Hm … not sure if I totally understand, but in this face tracker, the process is pretty simple:
- Detect all faces via bounding boxes (the detection can be configured to use the CPU-based HOG detector – the default – or the MMOD detector, which requires GPU for reasonable speeds).
- Then a really simple spatial analysis is performed to to make a best guess if a given bounding box detected this frame is the same as the one detected last frame. It does this by looking to see if the bounding boxes overlap or are close enough.
- If the tracker determines that the bounding boxes are the same face (purely based on spatial analysis / proximity) it assigns them an index.
- When a new index is assigned, the event appears in the
onTrackBegin
callback.
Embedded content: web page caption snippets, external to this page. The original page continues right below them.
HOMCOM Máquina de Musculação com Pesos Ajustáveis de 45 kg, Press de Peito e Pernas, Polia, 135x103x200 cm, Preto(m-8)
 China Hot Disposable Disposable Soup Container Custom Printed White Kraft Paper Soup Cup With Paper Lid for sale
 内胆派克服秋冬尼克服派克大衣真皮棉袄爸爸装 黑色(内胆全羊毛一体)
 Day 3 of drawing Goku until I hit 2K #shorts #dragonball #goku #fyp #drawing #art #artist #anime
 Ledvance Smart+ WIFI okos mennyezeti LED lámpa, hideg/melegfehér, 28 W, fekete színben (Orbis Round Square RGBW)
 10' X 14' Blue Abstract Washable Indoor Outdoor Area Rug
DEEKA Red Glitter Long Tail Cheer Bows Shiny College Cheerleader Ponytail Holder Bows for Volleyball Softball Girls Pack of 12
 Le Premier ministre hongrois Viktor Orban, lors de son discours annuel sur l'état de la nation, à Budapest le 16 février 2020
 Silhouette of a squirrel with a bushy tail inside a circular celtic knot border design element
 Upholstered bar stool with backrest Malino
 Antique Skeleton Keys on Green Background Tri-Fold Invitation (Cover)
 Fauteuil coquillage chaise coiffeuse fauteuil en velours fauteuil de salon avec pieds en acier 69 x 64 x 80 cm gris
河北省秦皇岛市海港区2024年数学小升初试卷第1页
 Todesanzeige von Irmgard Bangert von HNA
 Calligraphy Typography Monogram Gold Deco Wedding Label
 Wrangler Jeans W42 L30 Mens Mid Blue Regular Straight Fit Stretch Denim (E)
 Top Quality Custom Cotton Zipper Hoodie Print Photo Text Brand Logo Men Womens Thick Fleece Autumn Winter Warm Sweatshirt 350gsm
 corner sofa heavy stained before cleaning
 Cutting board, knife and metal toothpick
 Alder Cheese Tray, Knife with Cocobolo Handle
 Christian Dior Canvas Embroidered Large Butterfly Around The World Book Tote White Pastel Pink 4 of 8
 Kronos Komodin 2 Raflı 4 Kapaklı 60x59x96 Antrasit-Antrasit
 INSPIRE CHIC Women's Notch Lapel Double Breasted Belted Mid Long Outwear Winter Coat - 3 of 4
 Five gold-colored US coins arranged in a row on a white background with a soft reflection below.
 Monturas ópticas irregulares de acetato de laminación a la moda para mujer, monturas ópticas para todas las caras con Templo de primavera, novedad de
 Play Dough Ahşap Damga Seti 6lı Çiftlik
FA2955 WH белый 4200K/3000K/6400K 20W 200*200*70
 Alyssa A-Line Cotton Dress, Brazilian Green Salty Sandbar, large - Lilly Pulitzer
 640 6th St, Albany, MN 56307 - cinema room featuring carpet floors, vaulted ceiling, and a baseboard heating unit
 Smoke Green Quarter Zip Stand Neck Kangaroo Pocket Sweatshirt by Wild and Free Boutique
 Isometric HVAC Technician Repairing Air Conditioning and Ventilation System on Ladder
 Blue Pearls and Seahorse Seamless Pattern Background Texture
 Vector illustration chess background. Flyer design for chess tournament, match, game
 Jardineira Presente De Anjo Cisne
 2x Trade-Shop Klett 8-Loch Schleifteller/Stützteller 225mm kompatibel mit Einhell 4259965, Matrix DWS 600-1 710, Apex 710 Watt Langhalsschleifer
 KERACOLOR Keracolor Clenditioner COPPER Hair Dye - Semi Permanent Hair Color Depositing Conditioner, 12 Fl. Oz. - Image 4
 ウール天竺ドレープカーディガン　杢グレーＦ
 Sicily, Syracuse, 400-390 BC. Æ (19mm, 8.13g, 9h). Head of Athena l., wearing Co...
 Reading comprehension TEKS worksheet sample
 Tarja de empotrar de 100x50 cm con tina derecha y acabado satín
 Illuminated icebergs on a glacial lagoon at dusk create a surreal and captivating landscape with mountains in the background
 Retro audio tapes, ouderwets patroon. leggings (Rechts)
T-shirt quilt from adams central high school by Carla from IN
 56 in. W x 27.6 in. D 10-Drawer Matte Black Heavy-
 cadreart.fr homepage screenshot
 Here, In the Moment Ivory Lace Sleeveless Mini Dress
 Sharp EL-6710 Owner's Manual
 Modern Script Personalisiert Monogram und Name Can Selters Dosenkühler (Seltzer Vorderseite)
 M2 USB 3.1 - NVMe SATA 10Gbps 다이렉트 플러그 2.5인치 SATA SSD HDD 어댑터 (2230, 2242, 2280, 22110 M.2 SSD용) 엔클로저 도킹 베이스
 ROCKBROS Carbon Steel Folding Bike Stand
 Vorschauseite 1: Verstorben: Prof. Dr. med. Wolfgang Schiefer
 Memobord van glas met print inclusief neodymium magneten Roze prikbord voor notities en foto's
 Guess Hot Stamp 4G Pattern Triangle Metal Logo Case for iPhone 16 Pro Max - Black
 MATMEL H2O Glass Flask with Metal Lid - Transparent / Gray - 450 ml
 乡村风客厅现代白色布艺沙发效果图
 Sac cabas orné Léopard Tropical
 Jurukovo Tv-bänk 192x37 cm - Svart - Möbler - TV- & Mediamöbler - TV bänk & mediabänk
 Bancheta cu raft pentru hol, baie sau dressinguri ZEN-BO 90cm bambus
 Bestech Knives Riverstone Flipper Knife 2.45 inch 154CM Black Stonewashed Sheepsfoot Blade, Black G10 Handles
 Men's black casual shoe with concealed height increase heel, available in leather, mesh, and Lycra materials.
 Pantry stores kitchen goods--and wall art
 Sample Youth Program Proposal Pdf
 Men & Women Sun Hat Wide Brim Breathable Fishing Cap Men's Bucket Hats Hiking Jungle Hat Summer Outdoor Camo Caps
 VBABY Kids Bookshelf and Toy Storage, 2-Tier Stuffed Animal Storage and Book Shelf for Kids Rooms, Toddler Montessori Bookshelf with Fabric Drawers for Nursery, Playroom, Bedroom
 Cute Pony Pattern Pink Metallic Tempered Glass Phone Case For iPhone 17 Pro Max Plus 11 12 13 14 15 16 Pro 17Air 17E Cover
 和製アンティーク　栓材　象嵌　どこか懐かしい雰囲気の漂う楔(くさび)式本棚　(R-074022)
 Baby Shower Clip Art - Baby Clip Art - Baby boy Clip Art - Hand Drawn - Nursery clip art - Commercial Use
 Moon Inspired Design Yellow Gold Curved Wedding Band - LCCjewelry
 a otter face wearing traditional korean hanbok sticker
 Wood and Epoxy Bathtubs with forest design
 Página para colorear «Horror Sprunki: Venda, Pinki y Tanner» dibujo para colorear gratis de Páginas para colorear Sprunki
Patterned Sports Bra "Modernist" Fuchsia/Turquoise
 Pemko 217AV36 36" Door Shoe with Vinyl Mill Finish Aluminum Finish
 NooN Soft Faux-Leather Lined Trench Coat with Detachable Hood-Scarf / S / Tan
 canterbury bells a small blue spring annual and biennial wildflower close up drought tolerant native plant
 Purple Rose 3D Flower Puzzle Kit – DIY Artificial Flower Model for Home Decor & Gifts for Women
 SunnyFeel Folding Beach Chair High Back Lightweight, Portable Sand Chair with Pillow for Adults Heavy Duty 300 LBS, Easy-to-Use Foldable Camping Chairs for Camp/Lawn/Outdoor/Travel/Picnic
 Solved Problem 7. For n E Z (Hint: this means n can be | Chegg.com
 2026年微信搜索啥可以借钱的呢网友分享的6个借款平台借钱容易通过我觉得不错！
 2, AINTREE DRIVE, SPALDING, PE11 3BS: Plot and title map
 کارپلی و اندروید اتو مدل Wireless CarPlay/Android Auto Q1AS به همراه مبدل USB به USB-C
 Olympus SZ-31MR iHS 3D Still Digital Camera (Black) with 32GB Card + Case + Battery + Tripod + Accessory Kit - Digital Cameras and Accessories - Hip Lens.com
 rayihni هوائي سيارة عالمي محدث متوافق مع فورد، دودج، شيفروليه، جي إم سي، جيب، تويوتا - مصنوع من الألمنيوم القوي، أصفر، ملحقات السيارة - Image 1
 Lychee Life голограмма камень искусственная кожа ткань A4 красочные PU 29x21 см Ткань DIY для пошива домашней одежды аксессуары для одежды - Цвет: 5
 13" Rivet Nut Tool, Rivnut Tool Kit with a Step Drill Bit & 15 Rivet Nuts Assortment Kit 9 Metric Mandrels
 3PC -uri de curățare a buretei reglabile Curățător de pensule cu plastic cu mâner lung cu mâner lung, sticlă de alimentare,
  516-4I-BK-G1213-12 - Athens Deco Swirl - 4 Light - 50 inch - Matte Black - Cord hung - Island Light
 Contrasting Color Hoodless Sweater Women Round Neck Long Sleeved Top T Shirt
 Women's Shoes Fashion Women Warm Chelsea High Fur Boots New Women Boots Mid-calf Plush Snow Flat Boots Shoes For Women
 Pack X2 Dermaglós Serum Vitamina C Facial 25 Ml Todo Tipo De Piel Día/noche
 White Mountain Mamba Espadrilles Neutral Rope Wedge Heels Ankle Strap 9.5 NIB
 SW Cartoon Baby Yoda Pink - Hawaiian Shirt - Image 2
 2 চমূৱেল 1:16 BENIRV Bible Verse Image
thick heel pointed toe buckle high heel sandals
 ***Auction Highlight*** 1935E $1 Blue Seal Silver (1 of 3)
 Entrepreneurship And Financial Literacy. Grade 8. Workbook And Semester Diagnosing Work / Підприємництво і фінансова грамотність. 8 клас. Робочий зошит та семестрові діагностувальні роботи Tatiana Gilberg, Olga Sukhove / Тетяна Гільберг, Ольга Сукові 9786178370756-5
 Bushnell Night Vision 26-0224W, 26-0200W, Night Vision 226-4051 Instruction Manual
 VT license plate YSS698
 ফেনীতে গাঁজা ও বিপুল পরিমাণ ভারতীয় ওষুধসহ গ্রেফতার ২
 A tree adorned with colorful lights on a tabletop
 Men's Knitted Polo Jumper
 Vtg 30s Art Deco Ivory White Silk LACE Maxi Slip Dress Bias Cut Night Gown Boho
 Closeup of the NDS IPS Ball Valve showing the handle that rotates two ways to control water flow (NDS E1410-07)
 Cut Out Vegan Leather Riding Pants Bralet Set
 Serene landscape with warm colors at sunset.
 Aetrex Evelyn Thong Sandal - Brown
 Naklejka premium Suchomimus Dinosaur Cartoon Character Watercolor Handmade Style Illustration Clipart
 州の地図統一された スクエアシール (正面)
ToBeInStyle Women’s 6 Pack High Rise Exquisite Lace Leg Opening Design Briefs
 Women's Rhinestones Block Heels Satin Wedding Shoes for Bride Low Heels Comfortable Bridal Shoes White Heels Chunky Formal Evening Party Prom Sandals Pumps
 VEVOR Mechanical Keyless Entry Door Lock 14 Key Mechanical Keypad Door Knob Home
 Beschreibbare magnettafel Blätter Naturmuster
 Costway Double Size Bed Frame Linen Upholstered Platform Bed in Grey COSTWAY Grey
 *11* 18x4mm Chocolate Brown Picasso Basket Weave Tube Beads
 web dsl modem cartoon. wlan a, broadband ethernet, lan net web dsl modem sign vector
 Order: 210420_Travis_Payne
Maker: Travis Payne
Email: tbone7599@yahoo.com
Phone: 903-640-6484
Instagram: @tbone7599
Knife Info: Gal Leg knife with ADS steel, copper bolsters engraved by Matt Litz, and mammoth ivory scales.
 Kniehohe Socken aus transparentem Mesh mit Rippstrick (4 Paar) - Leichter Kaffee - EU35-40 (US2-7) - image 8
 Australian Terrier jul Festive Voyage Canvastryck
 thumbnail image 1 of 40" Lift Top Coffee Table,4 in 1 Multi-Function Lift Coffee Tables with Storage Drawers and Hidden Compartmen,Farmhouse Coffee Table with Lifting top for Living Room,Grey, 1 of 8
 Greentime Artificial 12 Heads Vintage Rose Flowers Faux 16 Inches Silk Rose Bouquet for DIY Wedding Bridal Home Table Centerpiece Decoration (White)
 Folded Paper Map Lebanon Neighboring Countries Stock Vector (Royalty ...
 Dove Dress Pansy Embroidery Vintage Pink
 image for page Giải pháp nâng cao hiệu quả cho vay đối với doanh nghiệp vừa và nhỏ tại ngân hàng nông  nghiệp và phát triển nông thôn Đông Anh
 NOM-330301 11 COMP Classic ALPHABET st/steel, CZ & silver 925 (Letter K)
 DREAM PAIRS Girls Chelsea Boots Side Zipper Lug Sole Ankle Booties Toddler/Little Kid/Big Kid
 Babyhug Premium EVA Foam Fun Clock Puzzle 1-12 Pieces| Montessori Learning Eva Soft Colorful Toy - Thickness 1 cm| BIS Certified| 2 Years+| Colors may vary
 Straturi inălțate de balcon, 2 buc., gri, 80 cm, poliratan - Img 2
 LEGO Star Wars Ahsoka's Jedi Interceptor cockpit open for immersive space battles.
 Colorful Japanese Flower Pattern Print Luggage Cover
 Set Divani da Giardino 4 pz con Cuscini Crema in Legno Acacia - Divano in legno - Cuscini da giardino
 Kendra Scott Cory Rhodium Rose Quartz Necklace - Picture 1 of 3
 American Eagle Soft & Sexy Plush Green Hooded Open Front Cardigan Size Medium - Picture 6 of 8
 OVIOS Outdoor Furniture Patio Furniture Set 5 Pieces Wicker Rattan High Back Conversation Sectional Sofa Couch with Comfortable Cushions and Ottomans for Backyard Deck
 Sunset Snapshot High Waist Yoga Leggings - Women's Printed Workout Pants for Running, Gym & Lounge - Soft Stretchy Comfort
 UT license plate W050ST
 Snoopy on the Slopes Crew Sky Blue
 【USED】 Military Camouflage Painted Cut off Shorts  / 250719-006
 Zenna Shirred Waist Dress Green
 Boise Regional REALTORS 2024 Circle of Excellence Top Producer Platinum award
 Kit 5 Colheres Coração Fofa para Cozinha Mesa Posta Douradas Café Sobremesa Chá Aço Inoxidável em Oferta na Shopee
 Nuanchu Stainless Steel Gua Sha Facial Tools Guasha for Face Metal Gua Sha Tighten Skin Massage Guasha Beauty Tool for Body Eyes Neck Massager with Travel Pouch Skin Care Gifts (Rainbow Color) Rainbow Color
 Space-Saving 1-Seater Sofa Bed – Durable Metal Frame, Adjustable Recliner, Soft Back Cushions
When a known id is reassigned from a previous frame, onTrackUpdate
is called. When a track is lost, onTrackEnd
is called. There are a few parameters that allow the track to be lost for a few frames and it will pick up the face again if it’s in the same general location as it was.
To get to the question I think you are asking – in other face trackers (e.g. https://github.com/kylemcdonald/ofxFaceTracker), the process is:
- Detect a face using a haar detector.
- Then stop using the haar detector (it’s slow) and let the CLM tracker take over (this is fast). So, it’s a different architecture than the way it’s done in ofxDlib.
https://github.com/kylemcdonald/ofxFaceTracker2 , which also uses dlib, uses an approach like the one I use in ofxDlib (always detecting, then figuring out what bounding boxes belong to the same id).
In some future version, instead of doing tracking based on spatial characteristics alone, one could use the facecode
available in ofxDlib to do simple “recognition” based tracking.